Je me demandais l’autre jour comment il a pu se faire que la capacité opérationnelle d’une opposition politique se soit éteinte et soit aujourd’hui à reconstruire pratiquement à partir de zéro.

Etant entendu que c’est aujourd’hui le problème des problèmes, et étant entendu que, comme pour tout processus historique, ses causes sont plurielles, je veux uniquement m’arrêter, brièvement, sur une cause de nature spécifiquement culturelle.

L’époque de la démocratie et de l’opposition politique à partir du bas a été une période bien délimitée qui commence aux environs du milieu du XIXe siècle, et où la leçon marxienne a joué un rôle fondamental.

Plus précisément, la leçon marxienne a été fondamentale pour comprendre, et faire comprendre, que, dans le monde moderne, tout changement de mœurs et d’opinion qui devient hégémonique a toujours une racine primaire dans la « structure », c’est-à-dire dans la sphère de la production économique et de la gestion du pouvoir correspondante.

Si, dans une description de ce qui se passe, il manque la conscience de cette racine structurelle, s’il manque la compréhension de la façon dont le problème dont on traite se situe par rapport aux mécanismes de distribution de l’économie et du pouvoir (qui coïncident souvent), on finit par perdre de vue la seule sphère où l’on peut mettre en action les leviers décisifs au niveau des causes.

Une fois ce fait rappelé, la pensée ne peut pas ne pas considérer la répartition générationnelle de la conscience politique actuelle. Des expériences répétées, depuis les recueils de signatures aux débats publics, aux élections, dessinent un même tableau : la répartition générationnelle de la conscience politique suit parfaitement une courbe décroissante. Ceux qui témoignent de la plus grande urgence d’action par rapport aux leviers du pouvoir sont les plus âgés, et à mesure qu’on descend dans les âges, les rangs des politiquement conscients se réduisent, jusqu’à presque arriver à zéro dans le groupe des jeunes et très jeunes (disons dans la fourchette entre 18 et 24 ans).

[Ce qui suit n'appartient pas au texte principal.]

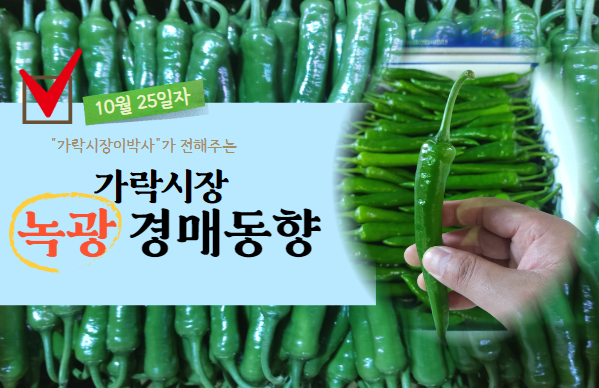  [경매사 일일보고] 10월 25일자 가락시장 녹광 경매동향을 살펴보겠습니다!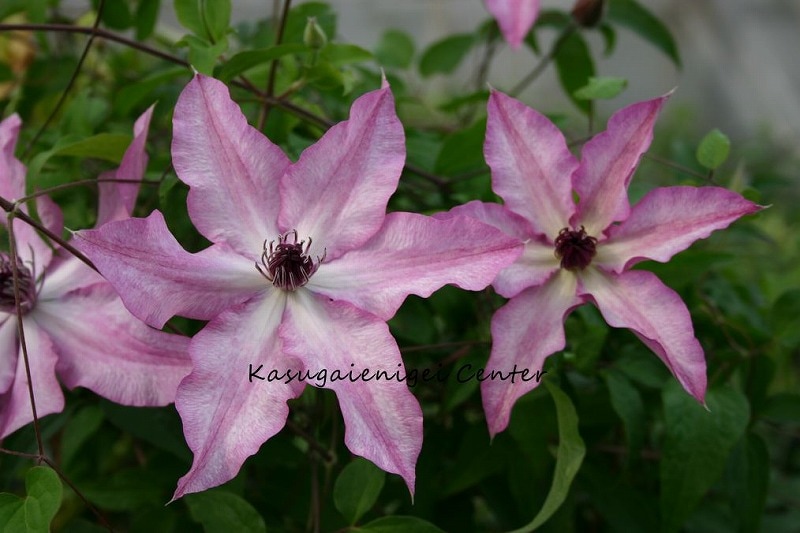 クレマチス '響’　系統：フロリダ大輪系　12cmポット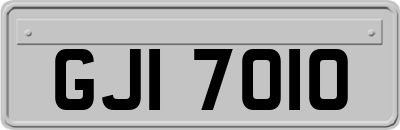 GJI7010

Or, il est important d’observer à quel point c’est là un fait historiquement inédit. Jusqu’à une époque récente, les jeunes ont fait partie des rangs des « incendiaires », les universités ont forgé la protestation, la passion politique naissait sur le seuil biographique entre les études et l’entrée dans le monde du travail. Et c’est tout à fait naturel, parce que l’engagement et l’énergie requis par une participation politique critique se trouvent plus facilement chez les 20 ans que chez les sexagénaires ; et, de même, contraintes, charges et responsabilités croissent généralement avec l’âge.

La question est donc : qu’est-ce qui s’est passé ?

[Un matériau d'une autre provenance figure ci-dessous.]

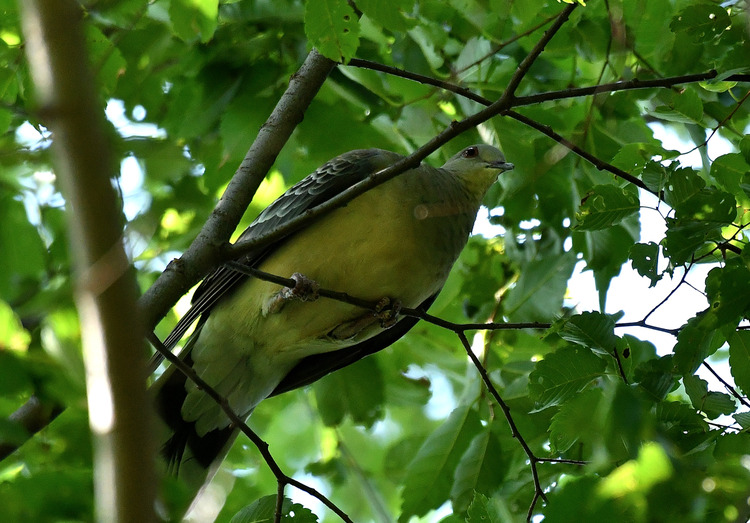 D5003_081892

Pour trouver un indice, il suffit de considérer l’activisme politique des jeunes qui, certes, existe encore, mais dont la forme est instructive. Il est intéressant de noter les thématiques sur lesquelles se concentre cet activisme. Un examen rapide mettra en évidence :

1) Un environnementalisme focalisé sur le changement climatique ;
2)Des problèmes d’identité de genre, violence de genre, égalité de genre, autodétermination de genre, langage de genre ;
3) Un animalisme de type disneyen et des pratiques alimentaires auto-flagellatrices (véganisme, éloges de la viande synthétique et de la farine d’insecte, etc) ;
4) Pour les plus audacieux, quelques appels aux « droits humains » dans une version hautement sélective (où, comme par hasard, les violations se produisent toujours et uniquement chez les ennemis de l’Amérique).

Ce qu’il est essentiel de souligner, c’est que, par contre, il peut exister, et il existe :

1) un authentique environnementalisme « structurel » ;
2) une conscience historico-structurelle de la division sexuelle du travail (et de ses conséquences dans les mœurs) ;
3) une analyse des formes de « réification » de la nature sensible (animaux) dans l’industrialisme moderne ;
4) une conscience politique de l’exploitation et des violations de la nature humaine.

Et dans chacun de ces cas, il est possible de reconnaître des problèmes réels en les plaçant dans le cadre d’ensemble des processus de production économique et de répartition du pouvoir dans le monde contemporain.

Mais rien de tout cela ne fait généralement partie de l’activisme politique des jeunes qui, en revanche, reçoit son ordre du jour de « contestation » d’en haut, dans un format rigoureusement nettoyé de ses implications structurelles.

En d’autres termes, les secteurs dans lesquels on peut exercer sa contestation, et les formes dans lesquelles on peut identifier les problèmes, descendent de hauteurs impénétrables, à travers l’appareil médiatique, l’endoctrinement scolaire et universitaire. On crée ainsi de confortables bulles de contestation, pourvues de certificats de qualité progressistes, fournis par des sources accréditées.

Le vieux système de contrôle social faisait alterner la répression violente des effervescences juvéniles et des conflits guerriers périodiques où elles pouvaient se donner libre cours ; par contre, le nouveau système de contrôle fournit des terrains déjà équipés où l’on peut faire des révolutions fictives avec des épées en carton, sur des îles sans communication avec cette terre ferme où le pouvoir réel joue ses parties.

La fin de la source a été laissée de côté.